Pour monsieur Camara, je cite : « le fait par le président de la République et du président de la Cour constitutionnelle d’omettre de prononcer les mots suivants: « et de faire respecter la (loi) », démontre que toutes les phrases du serment n’ont pas été totalement dites. Que, si le Président s’est engagé à respecter scrupuleusement la Constitution, cela n’a qu’une valeur individuelle, qu’il doit s’engage aussi à la faire respecter, car pour lui, c’est ce bout de phrase qui lui confère le pouvoir de faire appliquer la Loi pour que la Guinée soit un État de Droit, où force doit rester à la loi.

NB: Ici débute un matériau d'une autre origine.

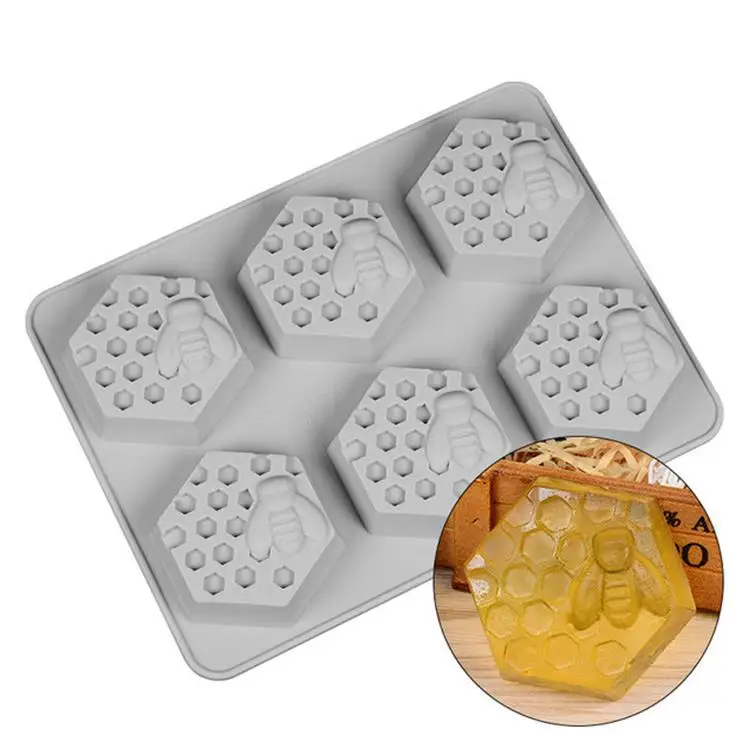 

6 Cavities 3D Bee Honeycomb Designs Decoration Silicone Soap / Cake Fondant Mold Silicone Maker / Mold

Que faute de cet engagement, le président ne sera pas dans l’obligation légale de faire respecter la loi ».
S’il est compréhensible que l’omission, même involontaire de cette partie du serment par le président de la République laisse place à des questions relatives à sa validité, il nous semble que les conséquences juridiques attachées à cette omission par monsieur Camara ne sont absolument pas légalement fondées.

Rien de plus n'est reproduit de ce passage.